Aha! I think the answer to Q1 may be off. Check the first couple of lines:

#Variables:     20058
#used Variables:    20056

Also, those two variables happen to be the largest 2. So what I think is happening is that there are a pair of variables not mentioned at all. At least that's what the system is thinking.

VincentDerk commented 2 years ago

I checked it now, and can confirm that all variables occur in at least one clause.
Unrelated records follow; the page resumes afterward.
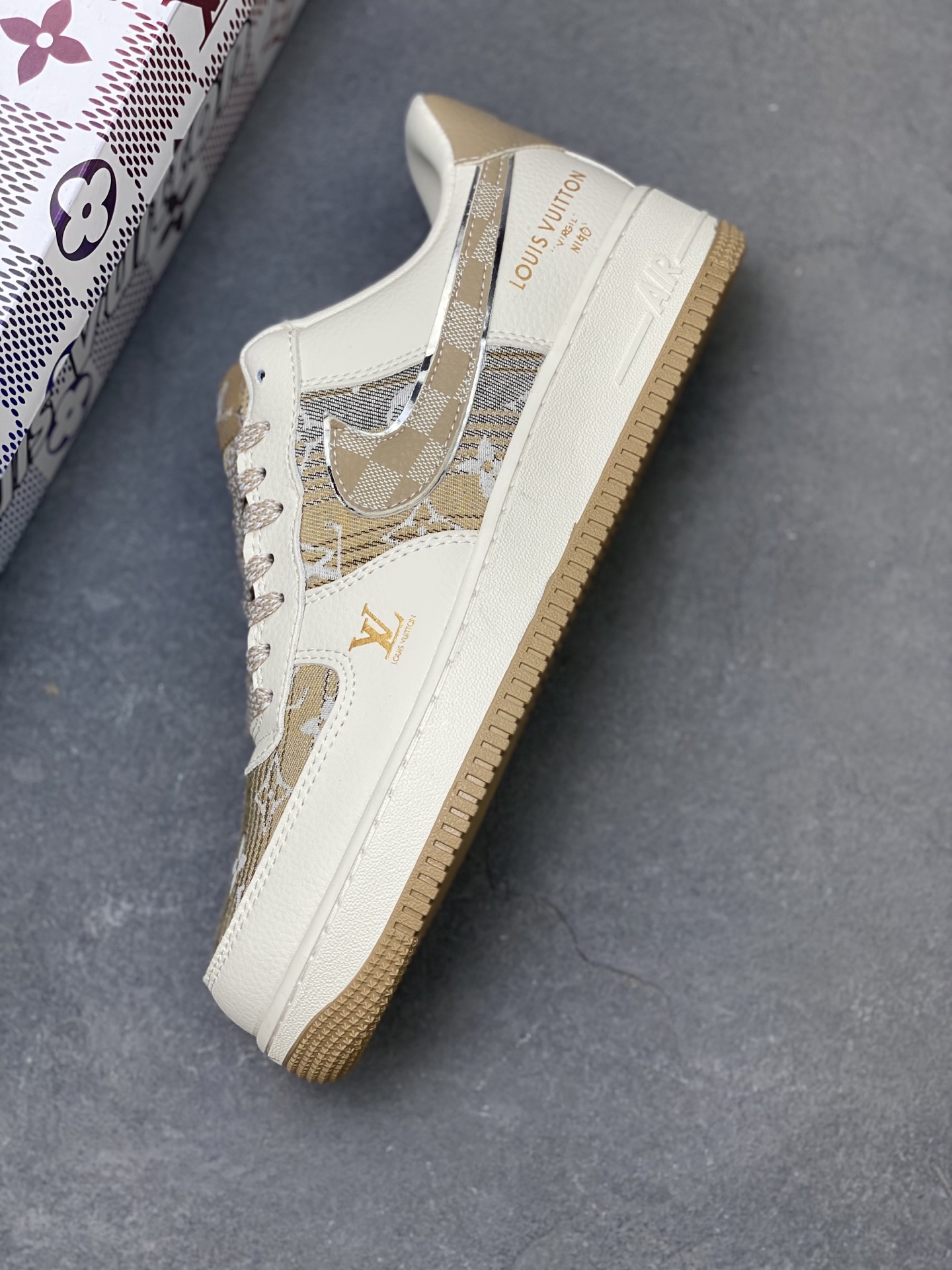 Nike Air Force 1 '07 Low Louis Vuitton Custom Sneakers Limited Edition 8 i1757434268184 5261 0 6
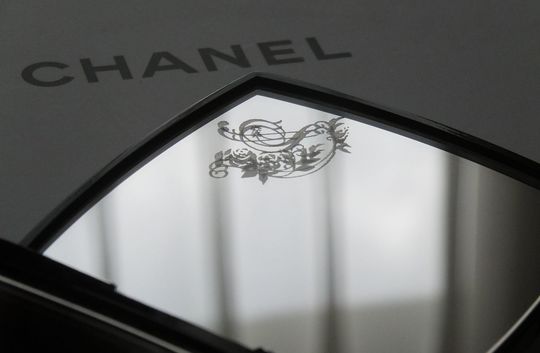 シャネルのコンパクトミラーの上部ミラー左上に、イニシャル『S』がバラで装飾され美しく名入れ彫刻された写真。シンプルながらもブランドの高級感を引き立てる、洗練されたパーソナライズデザインのイメージ。 glad there is Yuka』と名入れ彫刻を施した写真。大切な人への感謝や愛情を伝える、パーソナルで心温まるギフトの細部が際立っています。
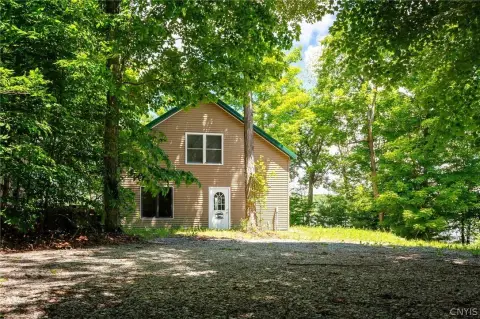 Lakefront Residential Waterfront Land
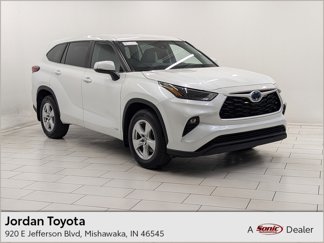 Used 2023 Toyota Highlander LE image 1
So somehow during the preprocessing it decides the values of 20057 and 20058 do not matter?

haz commented 2 years ago

Perhaps, but I think more likely is that it never actually gets to read them. Too much of a coincidence to have those as the highest two variable #'s. So likely something with the parsing not getting through the entire file.

haz commented 2 years ago

My money's on this as the culprit:

https://github.com/QuMuLab/dsharp/blob/master/src/src_sharpSAT/MainSolver/InstanceGraph/InstanceGraph.cpp#L619 https://github.com/QuMuLab/dsharp/blob/master/src/src_sharpSAT/MainSolver/InstanceGraph/InstanceGraph.cpp#L651 https://github.com/QuMuLab/dsharp/blob/master/src/src_sharpSAT/MainSolver/InstanceGraph/InstanceGraph.cpp#L673

VincentDerk commented 2 years ago

Good find! That was indeed the issue. I raised it to some higher value and it correctly reported model count 1.

Edit: 20057 and 20058 were both involved in a very large clause. With this buffer limit it likely didn't parse properly. These 2 large clauses also caused c2d to refuse the CNF, stopping and reporting it does not allow clauses of size >10k. Perhaps I should have realised the connection before :)

haz commented 2 years ago

Awesome stuff. I think a decent fix would be to crash out on the parsing and point users to where they can change the constants. Much better than silently going on to give bogus results!

Let's leave this issue open, and I'll use this thread as a roadmap of how to fix it when I have a chance.

Thanks for reporting!

VincentDerk commented 2 years ago

We can also consider using a std::string which grows more arbitrary.

    std::string buf;
    while (std::getline(inFile, buf))

or like sharpSAT/ganak extracting literals one by one using >> until '0' and then ignoring till linebreak or EOF inFile.ignore(numeric_limits<streamsize>::max(), '\n');

haz commented 2 years ago

Sorry for the delay on this -- took a while to find the time to look through. A major improvement on the parsing, thanks!